After all this hard work of self-witnessing and shaping the mind toward peace, we wrapped up the month with two of Patanjali’s most comforting statements (in my opinion).  Sutra 2.46, “Sthira Sukham Asanam.” (Asana is a steady, comfortable position.) and the promise of all promises, Sutra 2.16, “Heyam Duhkham Anagatam.” (Future pain will be prevented.)  If I practice yoga as prescribed by the Yoga Sutras, I learn that I have permission to express each pose with a balance of effort AND ease, steadiness AND comfort.  And one of the most relieving results of practicing in this way is the prevention of future pain – physical and otherwise.

Beyond the mat, how did this all pan out?  Did the Sutras inform your every day life? From some of your feedback, I know you sought to use the tools, but admitted they escaped you at the most important times.  I heard that they helped you respond compassionately to angry drivers.  I heard that coming to class gave you the tools to navigate tough interpersonal situations (I’m cleaning up the language, here!).  I heard appreciation for the Sutras’ promises and affects in general.

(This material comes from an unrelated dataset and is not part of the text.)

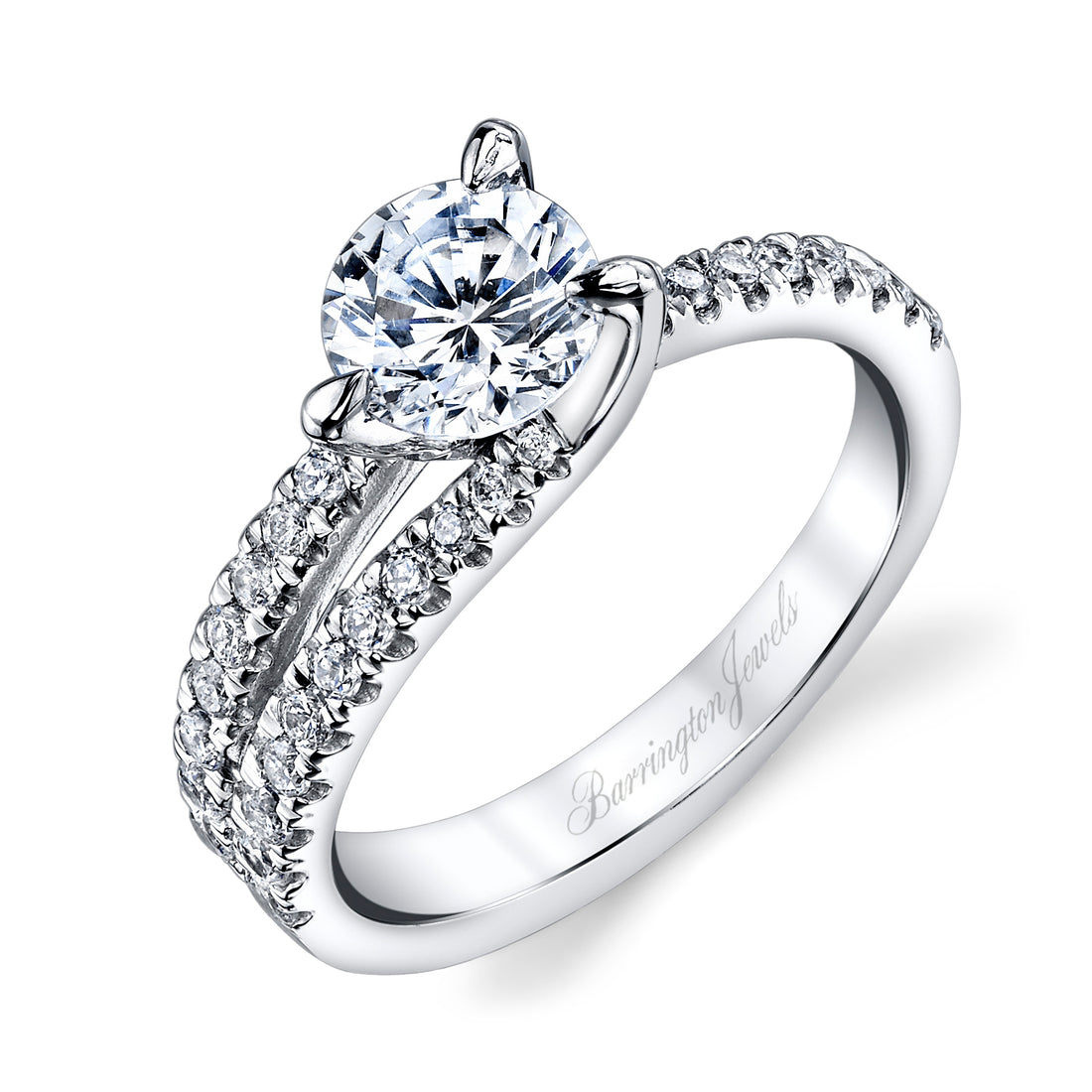 Engagement Rings in Indianapolis Barrington Jewels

I know for me, as soon as I select a theme to teach, I start hitting all sorts of wonderful “trials” in daily life to test out my tools and learn some new lessons!  It’s been an intense – and intensely lesson-filled – few weeks.  In terms of the quote above from my new Karma Yogini heroine (who probably does not know what Karma Yoga is), Justine Siegel, if I weren’t feeling some kind of discomfort, probably nothing important is happening in my life.  And thanks to the Yoga Sutras and other spiritual practices and resources, discomfort yields growth.

Which to me, is important.

Wishing you peace, joy, love and light.  OM Shanti, Shanti, Shanti.